Topic: Subtract Blacklist from Tags

Posted under Site Bug Reports & Feature Requests

I want to know the real number of posts I will be seeing with the blacklists enabled. There have been countless times I have searched something and there were way fewer results than what was advertised.

Tl;dr, Even if we changed that, it'd both dramatically degrade the user experience & destroy our server's performance.

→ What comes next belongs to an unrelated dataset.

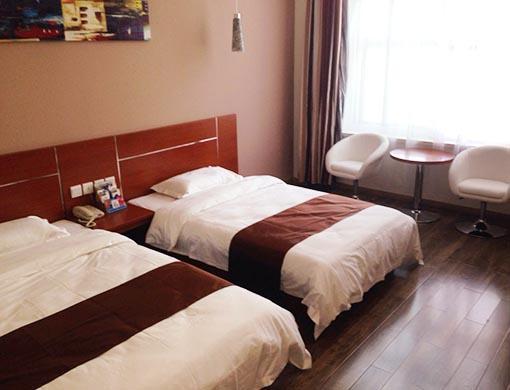 Thank Inn Chain Hotel Hebei Gaobei Yingbin Road Jindu Garden Gaobeidian  Esterno foto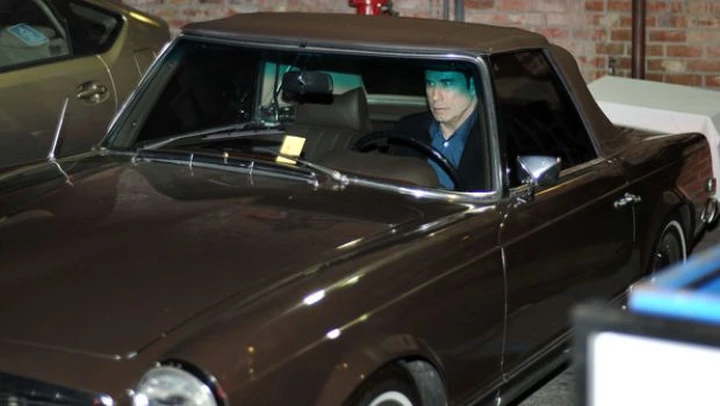 John Travolta: rubata la Mercedes SL 280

Because of the aforementioned client-side blacklist, in order to do this, we'd have to do one of the following:

  • Modify the search query users submit to automatically exclude results that match your blacklist behind the scenes
    • We limit the number of terms you can use in a search (currently to 40 or less) to prevent the server from being overwhelmed, but we don't limit the number of terms in the blacklist, both overall (as long as it's less than or equal to 150,000 characters) & in a single line*. If we added your blacklist to your query, one of a few things would happen:
      • We'd have to explicitly limit the number of overall terms added to your blacklist (very bad)
      • We'd have to only add as much of your blacklist to the query that would fit in the remaining space in your query (defeating the purpose)
      • People with huge blacklists can make functionally infinitely large queries, completely destroying the server's performance (worst case scenario)
    • This also isn't reactive; it cannot dynamically adjust to what filters in your blacklist are currently enabled or disabled
      • This means we'd either have to
  • Make an additional modified search query for every user-submitted query that specifically excludes results that match your blacklist used solely to retrieve a more accurate number of results
    • This would, at best, double the load on the server solely to retrieve a more accurate number of results
    • Everything said about the first scenario applies to this second query.

Additionally, the "number of results" is already an estimate, due to complicated optimization stuff too dense for even me to try explaining. Going through the programming & computational work to improve that estimate specifically for blacklists without addressing the underlying inaccuracy isn't really worth it.

* This is something we can do specifically because the blacklist is processed client-side (instead of server-side), & only on one page (with at most 320 posts on it) at a time; because each client's browser handles filtering these posts, we don't have to handle the strain of filtering it on the server, & because of the reduced number of results the client has to filter, it's not that demanding on their machine either.